Give the listing again word for word, excluding the pictures it contains.

__SUPPLIED MATERIAL__
::::::

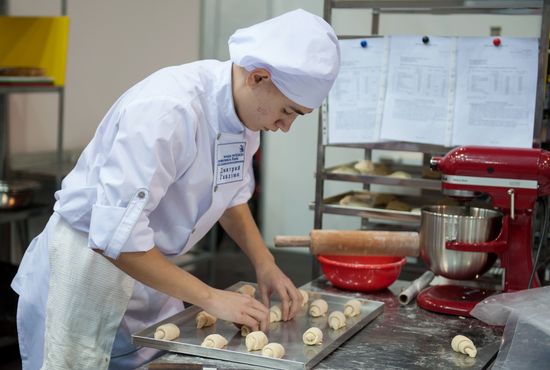 Отборочный этап чемпионата WorldSkills Russia в Томске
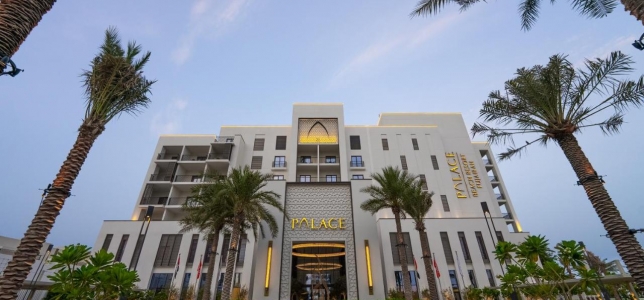 حزمة الزفاف 2- بالاس بيتش ريزورت الفجيره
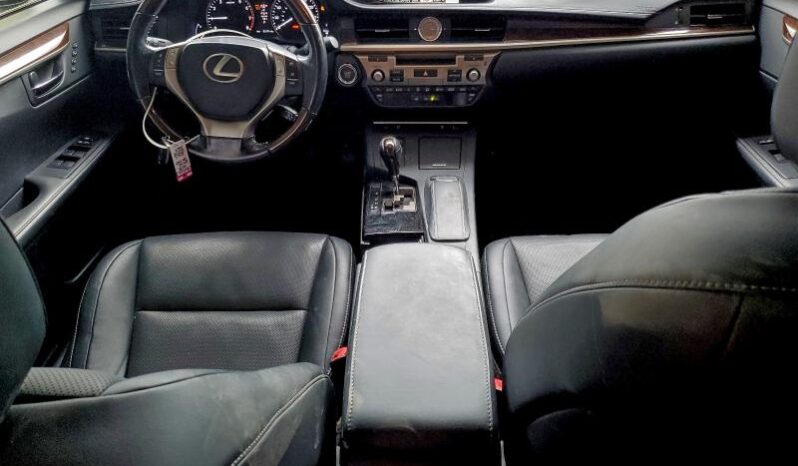 
								2015 Lexus Es 350 full									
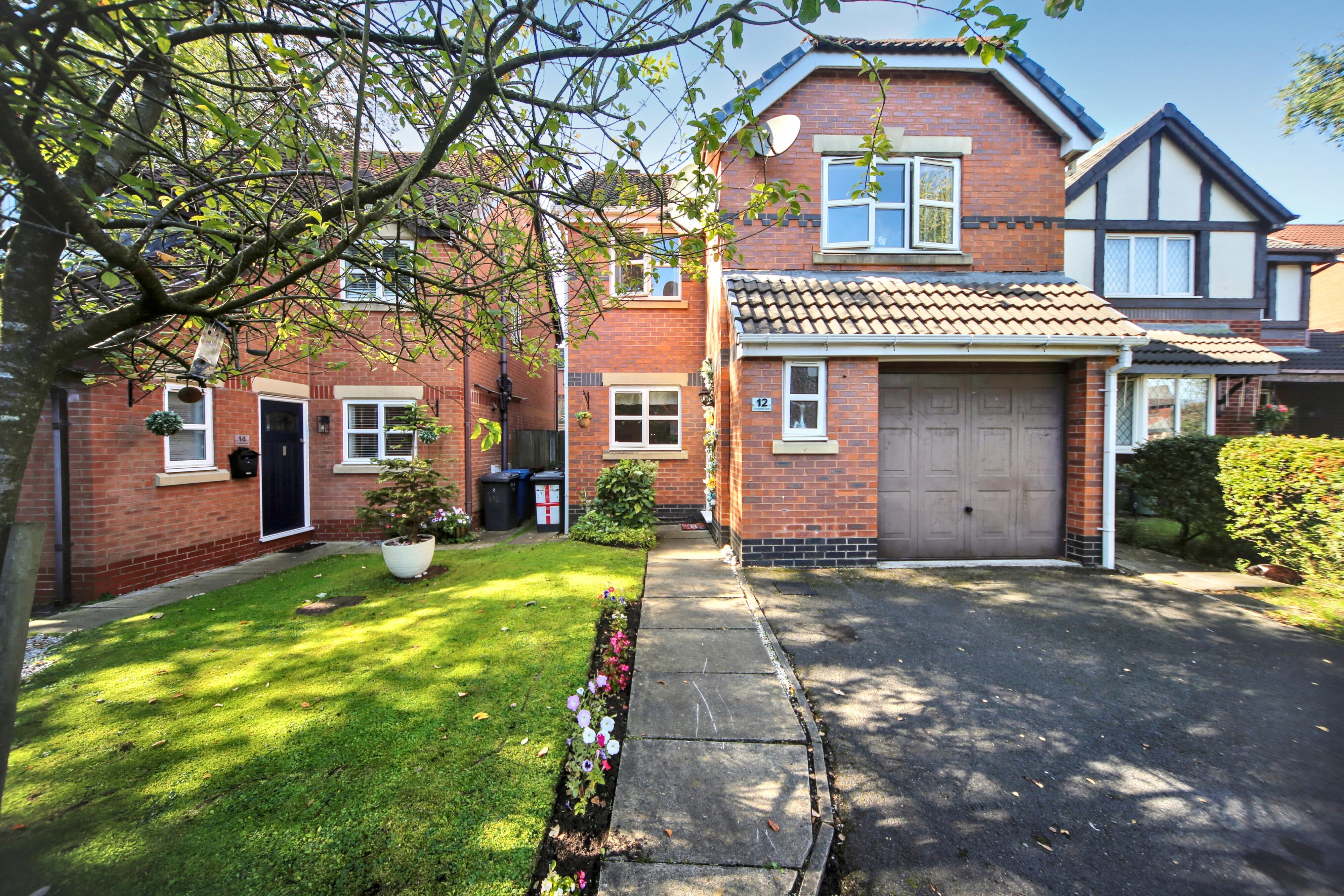 Crossford Close, Wigan, WN3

::::::

__RESPONSE TO THE TASK__
 Отборочный этап чемпионата WorldSkills Russia в Томске
 حزمة الزفاف 2- بالاس بيتش ريزورت الفجيره
								2015 Lexus Es 350 full									
 Crossford Close, Wigan, WN3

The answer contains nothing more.